I still like the original best. It's very funny and has a really cute storyline that is pretty uncomplicated. I love all of the characters in it. John Kent is very frustrating at times, but he's still pretty endearing. And Fred and Ginger are at their bantering best in this one. They never actually fight at all, which is a refreshing change in the pattern of mistaken identities and mixed up plot lines that they usually got. 

The remake is a really cute move with some great songs. I don't like Tony's character at all, so I have a hard time understanding why Stephanie would fall in love with him; she deserves so much better. I'm not a huge fan of Red Skelton's physical humor, either, so that's a factor too. I love Marge and Gower Champion in the movie and I didn't have a problem with them taking Fred and Ginger's songs - I think they made the songs their own pretty well. The biggest problem I have with the movie, really, is that I don't like one of the main characters and he gets the girl at the end. As far as remakes go, though, it's a creative take on an original story.

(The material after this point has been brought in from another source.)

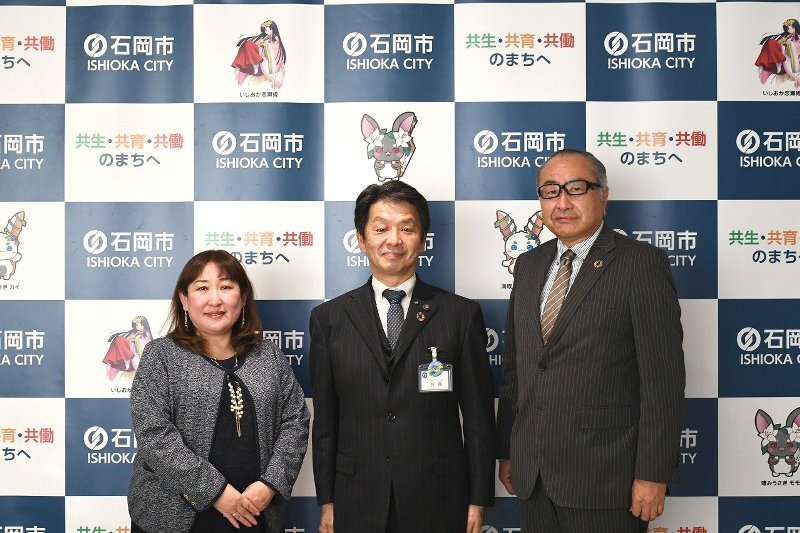 左から、四宮理事、石岡市長 谷島洋司様、柴﨑理事長 （撮影時のみ、マスクを外しています）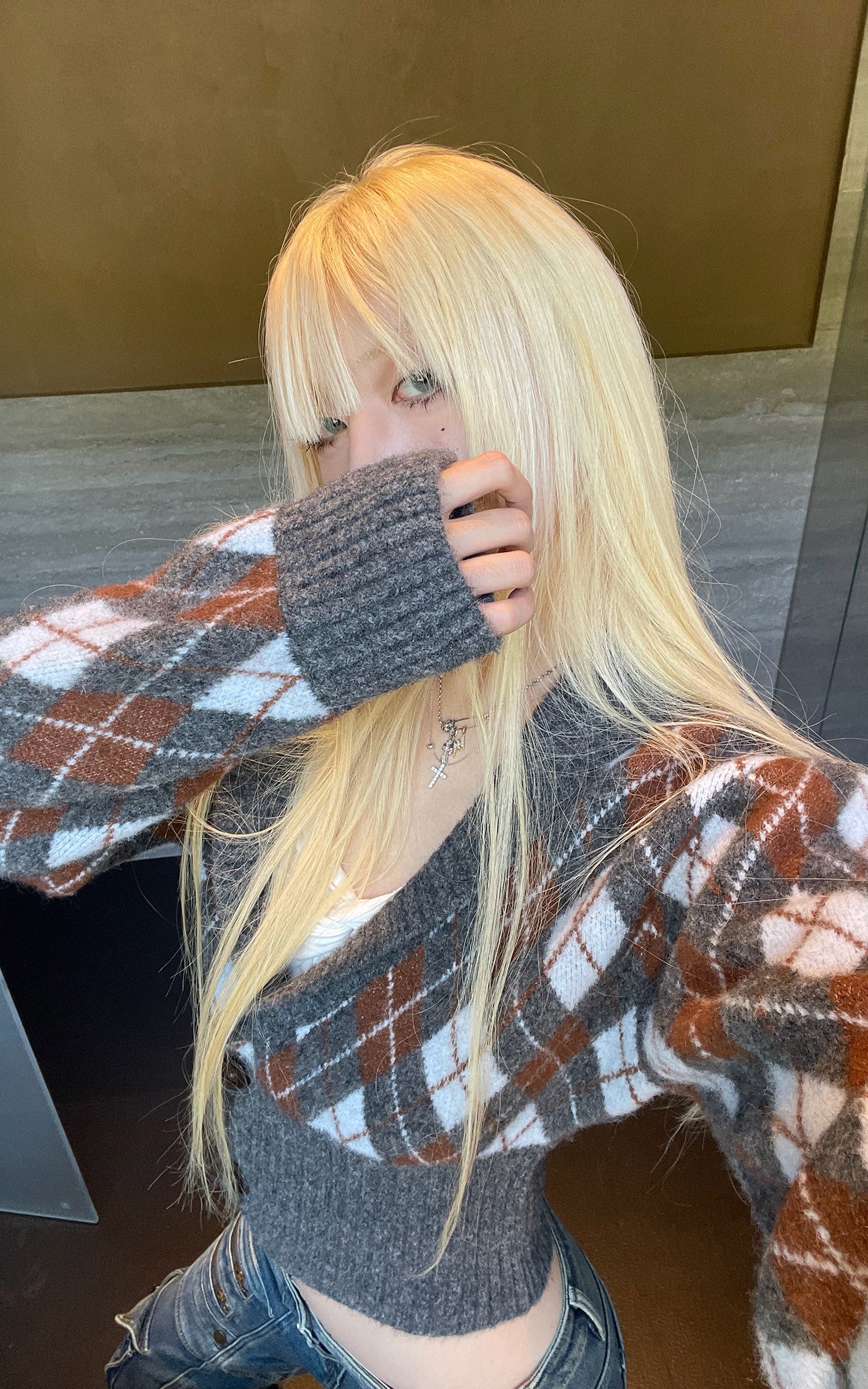 Rase le sol Argyle Knit Cropped Cardigan with Double Button Waist Design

What do you guys think? Have you seen either of the movies? Both? How did they compare?

Tuesday, April 30, 2013

Long time a-no see!

So. I've definitely let the ball drop where this blog is concerned. So much has happened since I last posted:
I went to the TCM Cruise in January!
I made another video with Emma Wallace's music, this time featuring the lovely Ava Gardner!
I started watching Once Upon A Time!

Okay, you probably don't care very much about that last one. I'd better think of something else interesting that happened... well, nothing major comes to mind. I turned 25. That's exciting!

Anyway, I really do want to get this blog up and running again. I keep procrastinating it because I don't know what to put on it. I want this blog to be different from other blogs but I also want to make sure it's interesting - and there's a lot from other blogs that I can learn. So, I'm still working it out.

One thing I do know is that I want to go back to some of the types of posts I used to do: the fashion inspiration posts and the comparison/contrast posts. Naturally, those are a lot of work. This is fine, of course, but I want to make sure the work is worthwhile and that I'll actually have people reading this thing. I started getting really lazy the last time I posted a lot. My mom suggested I start a facebook page for my blog. I love this idea because facebook is a better format for posting random pictures and videos than blogger. However, I need to make sure I actually have a blog going before I make a facebook page for it, you know?

But, I just wanted to check in and let you all know - if you are still reading - that I haven't completely neglected my blog. I plan to come back to work on it soon. If you have any suggestions or requests, please do not hesitate to send them my way!